• _Brief_: Please find the line that holds "Zevo Flying Insect" below and reproduce it, along with every line after it through the end, exactly and without pictures.

• _Input_:
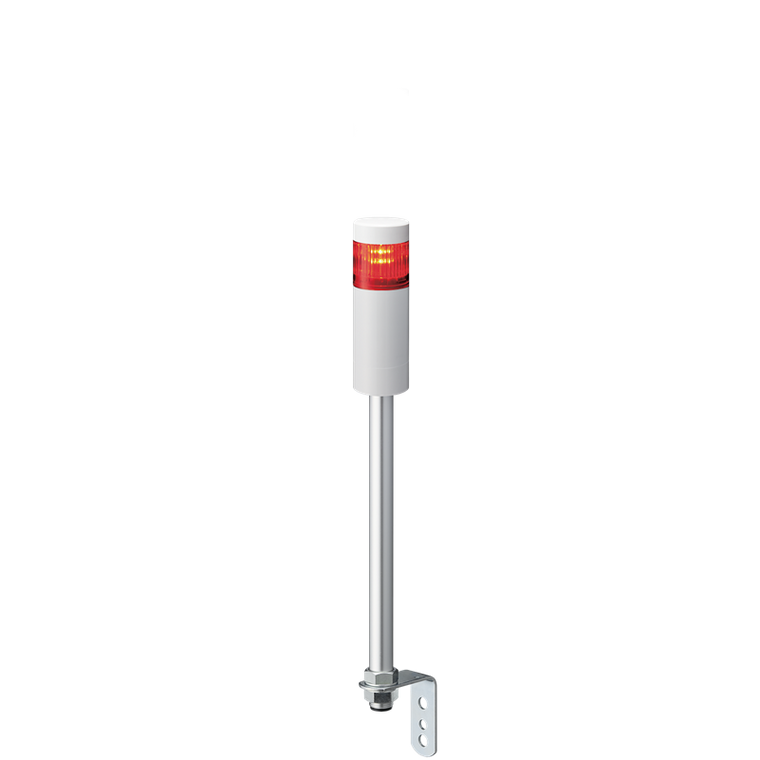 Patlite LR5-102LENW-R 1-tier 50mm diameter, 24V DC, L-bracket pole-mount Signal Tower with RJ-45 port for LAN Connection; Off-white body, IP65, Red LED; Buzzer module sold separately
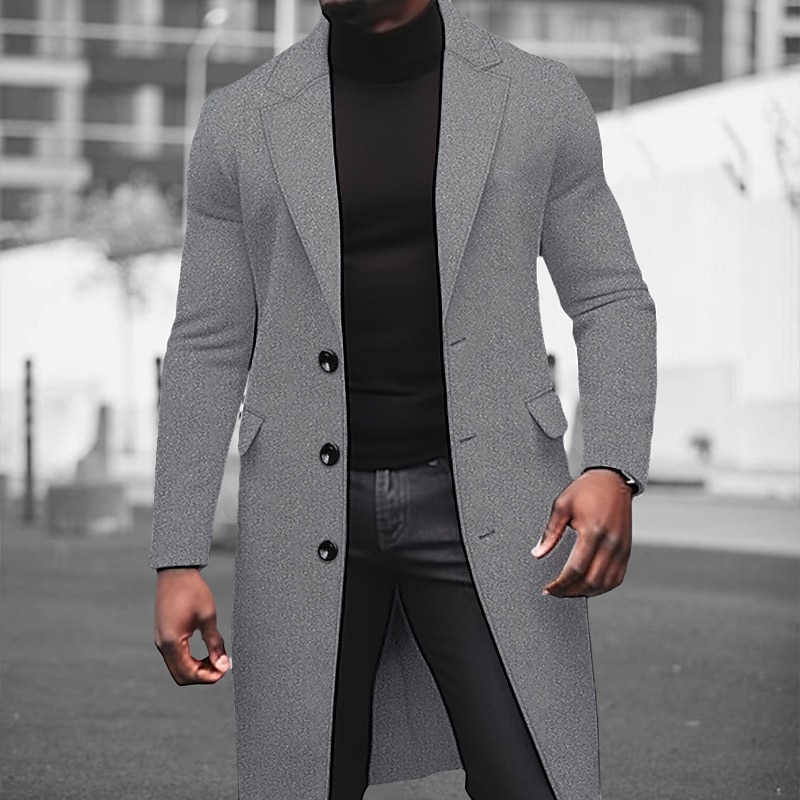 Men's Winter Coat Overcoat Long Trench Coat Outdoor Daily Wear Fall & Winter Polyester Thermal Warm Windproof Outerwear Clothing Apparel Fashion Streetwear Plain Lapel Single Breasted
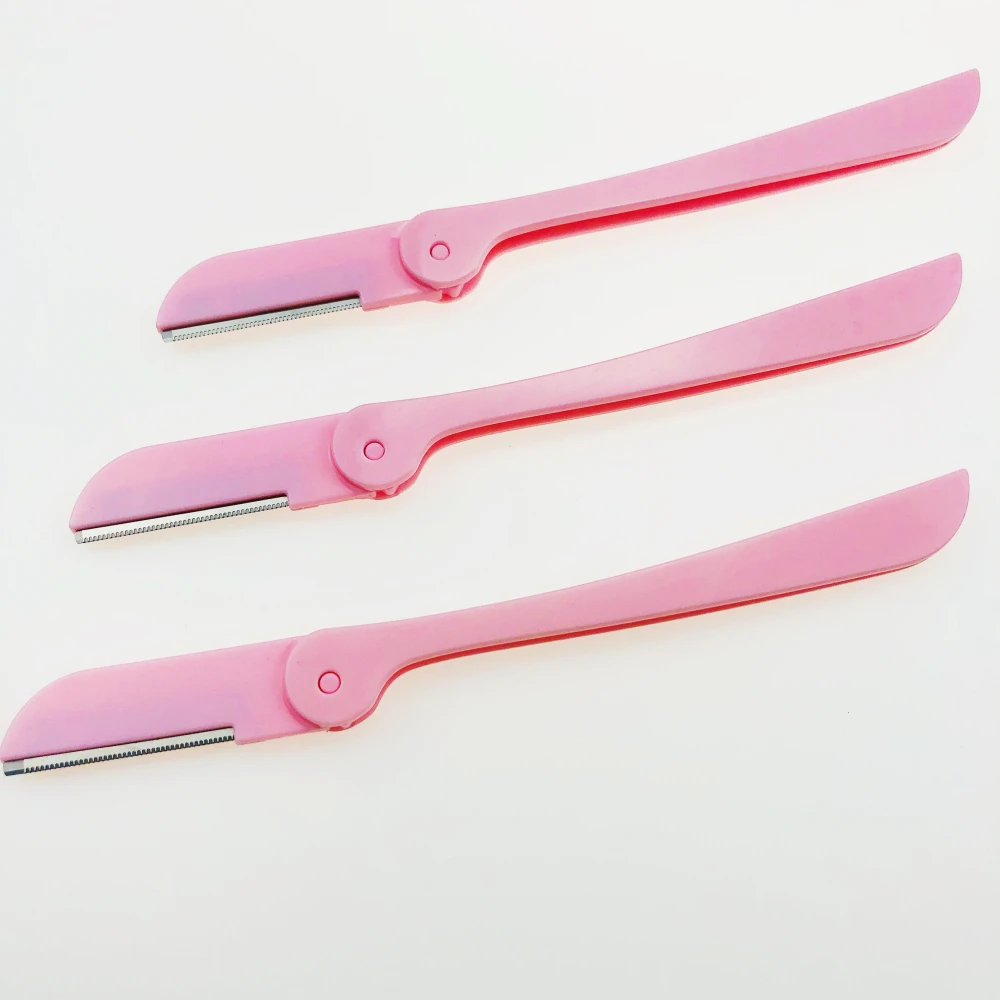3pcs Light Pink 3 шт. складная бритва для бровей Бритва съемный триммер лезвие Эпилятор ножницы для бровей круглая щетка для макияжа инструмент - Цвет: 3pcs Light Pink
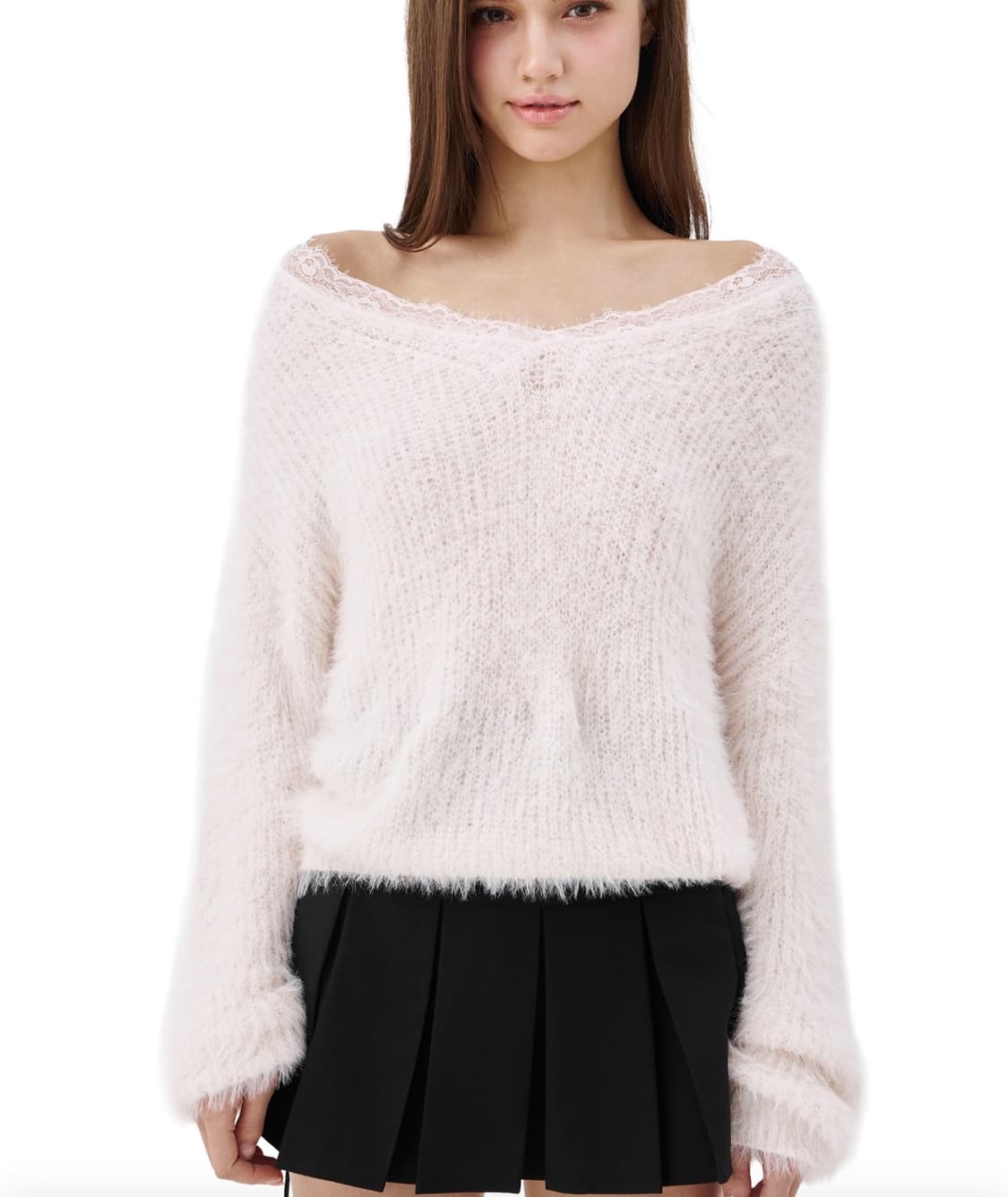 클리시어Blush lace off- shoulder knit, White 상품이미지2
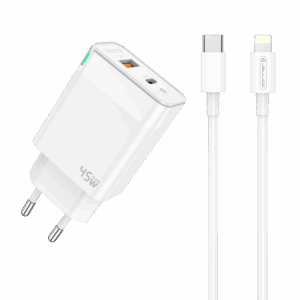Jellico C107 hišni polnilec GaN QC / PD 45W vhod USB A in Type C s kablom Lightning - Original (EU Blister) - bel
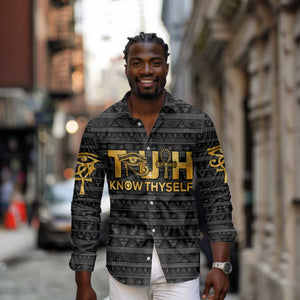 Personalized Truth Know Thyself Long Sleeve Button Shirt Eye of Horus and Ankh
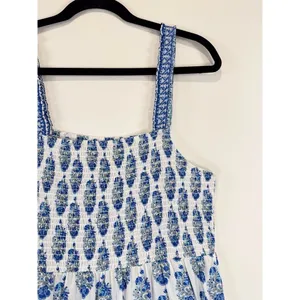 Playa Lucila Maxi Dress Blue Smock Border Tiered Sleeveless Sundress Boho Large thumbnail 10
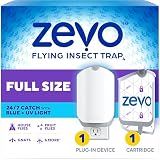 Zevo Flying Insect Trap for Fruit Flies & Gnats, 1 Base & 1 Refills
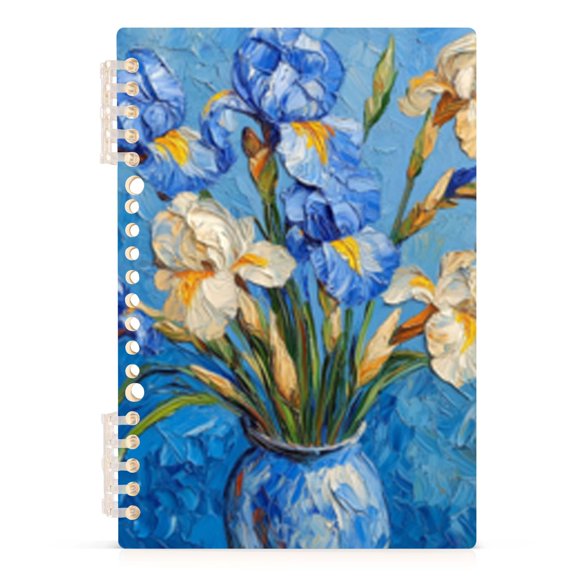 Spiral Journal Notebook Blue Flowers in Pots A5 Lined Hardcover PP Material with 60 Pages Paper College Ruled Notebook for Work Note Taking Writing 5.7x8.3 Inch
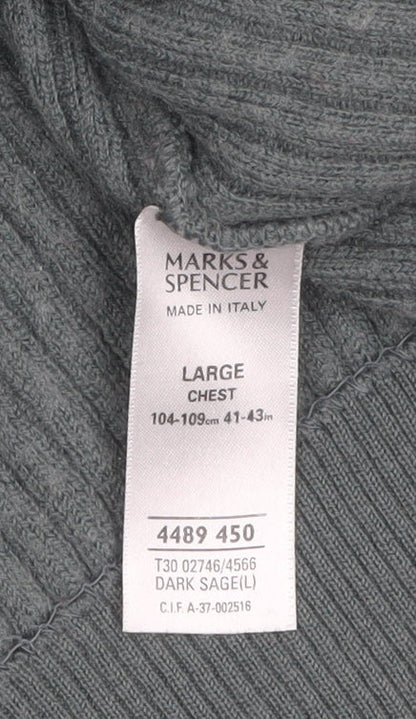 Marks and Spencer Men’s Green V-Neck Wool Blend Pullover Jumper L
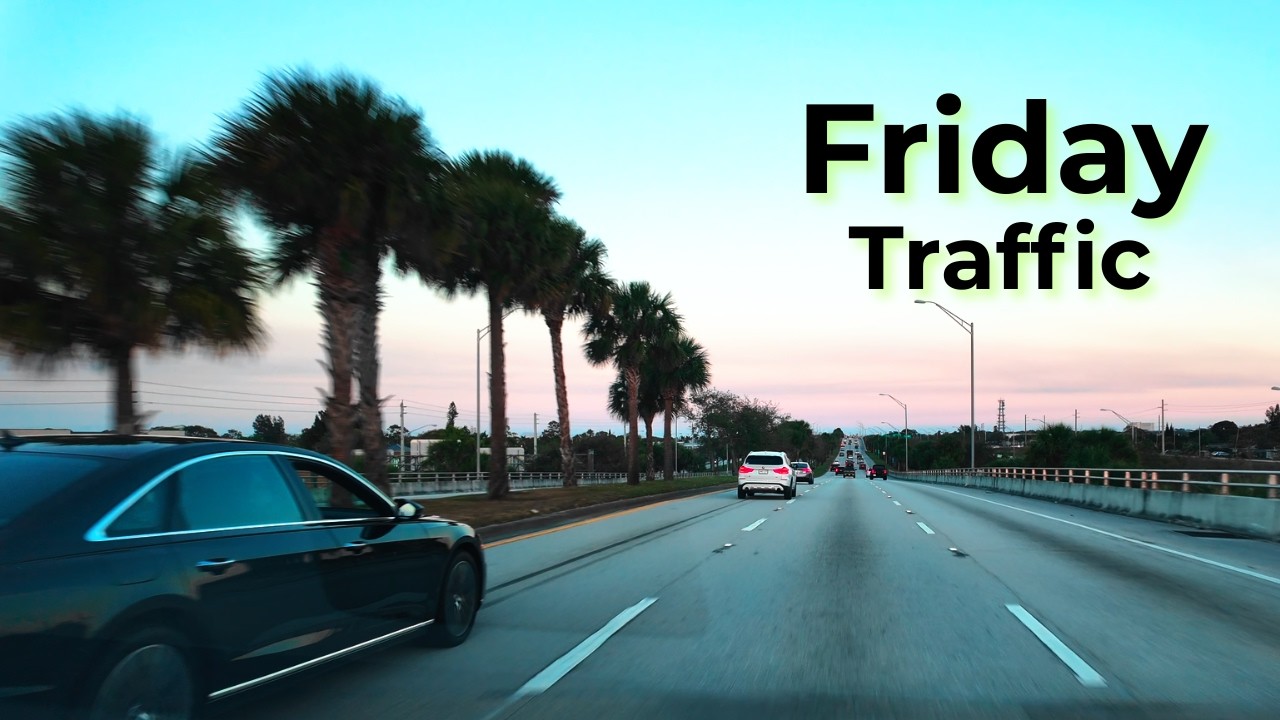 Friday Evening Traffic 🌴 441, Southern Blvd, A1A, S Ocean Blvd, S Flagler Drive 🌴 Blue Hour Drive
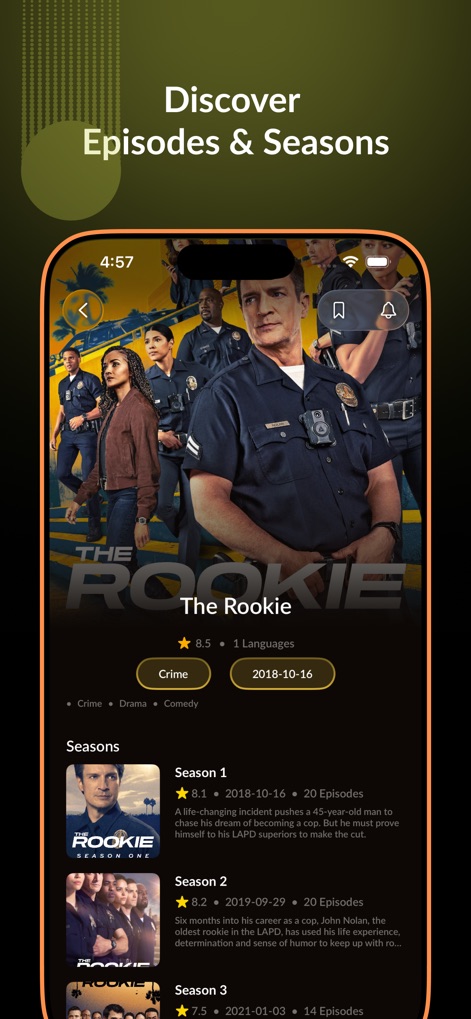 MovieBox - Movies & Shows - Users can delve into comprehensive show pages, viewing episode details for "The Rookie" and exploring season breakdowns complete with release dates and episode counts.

• _Output of the exercise_:
 Zevo Flying Insect Trap for Fruit Flies & Gnats, 1 Base & 1 Refills
 Spiral Journal Notebook Blue Flowers in Pots A5 Lined Hardcover PP Material with 60 Pages Paper College Ruled Notebook for Work Note Taking Writing 5.7x8.3 Inch
 Marks and Spencer Men’s Green V-Neck Wool Blend Pullover Jumper L
 Friday Evening Traffic 🌴 441, Southern Blvd, A1A, S Ocean Blvd, S Flagler Drive 🌴 Blue Hour Drive
 MovieBox - Movies & Shows - Users can delve into comprehensive show pages, viewing episode details for "The Rookie" and exploring season breakdowns complete with release dates and episode counts.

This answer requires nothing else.